Exam tip: Keep prompts short, move reusable policy text to templates, and cap max_tokens to avoid surprise billing.
10. RAG Architecture & Tuning
- Chunking + overlap – Target 200–500 token chunks with 10–20% overlap so passages maintain context without blowing up storage.
- Embeddings + vector stores – Use Titan Text Embeddings, Cohere Embed, or open-source (bge/e5) with OpenSearch Serverless, Aurora pgvector, Neptune Analytics, or Bedrock Knowledge Bases.
- Top-k retrieval + metadata filters – Start with
k=3–5, then filter by product, locale, or classification labels to cut noise. - Reranking + hybrid search – Combine dense vectors with keyword/BM25 or use rerankers when rare terms or legal phrases matter.
- Latency vs cost – Larger vectors improve recall but add milliseconds and storage fees. Cache popular context windows; pre-compute embeddings offline.
Exam tip: Answer “Use Bedrock Knowledge Bases” whenever the question stresses managed ingestion + retrieval.
11. Agents & Tool Use
- Agent vs RAG – Use RAG for better context inside a single response. Use agents when you need planning, multi-step workflows, or to call APIs/DBs dynamically.
- Tool calling patterns – The agent interprets intent, chooses a tool (Lambda/HTTPS/Step Functions), executes it, ingests the result, and may loop until complete.
- AWS mapping – Bedrock Agents orchestrate reasoning, call Lambda for business logic, Step Functions for long-running jobs, and can integrate RAG for grounding.
Exam tip: If the requirement says “call internal APIs and external SaaS with reasoning,” pick Bedrock Agents with Lambda tools.
12. Evaluation & Hallucination Control
- Offline evaluation – Score prompts/models against golden datasets for accuracy, BLEU/ROUGE, or custom rubric. Automate in SageMaker pipelines.
- Human + LLM-as-judge – SMEs validate edge cases; LLM judges accelerate regression testing but must be calibrated.
- Grounding + citations – Return snippet IDs or URLs so auditors can verify answers. Bedrock Knowledge Bases can include citations automatically.
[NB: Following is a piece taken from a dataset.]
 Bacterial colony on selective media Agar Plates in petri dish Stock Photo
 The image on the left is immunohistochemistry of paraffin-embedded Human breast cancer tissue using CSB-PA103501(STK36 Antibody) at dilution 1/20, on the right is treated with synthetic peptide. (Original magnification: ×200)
- Temperature + guardrails – Keep temperature/top-p low for factual tasks and add Guardrails for profanity/PII filters or JSON schemas.
Exam tip: When compliance reviewers are mentioned, respond with “human-in-the-loop evaluation plus logged citations.”
13. Responsible AI, Privacy, Security
- Bias/fairness – Audit datasets, compare outputs across demographic slices, and document mitigations.
- PII governance – Mask prompts, encrypt data (KMS), route calls through VPC endpoints/PrivateLink, and restrict IAM roles for agents/tools.
- Hallucination + safety – Pair RAG grounding with Guardrails to block unsafe content and require human review for high-risk actions.
- AWS mapping – Use Bedrock Guardrails, IAM least privilege, CloudTrail logging, and encrypted vector stores/S3 buckets.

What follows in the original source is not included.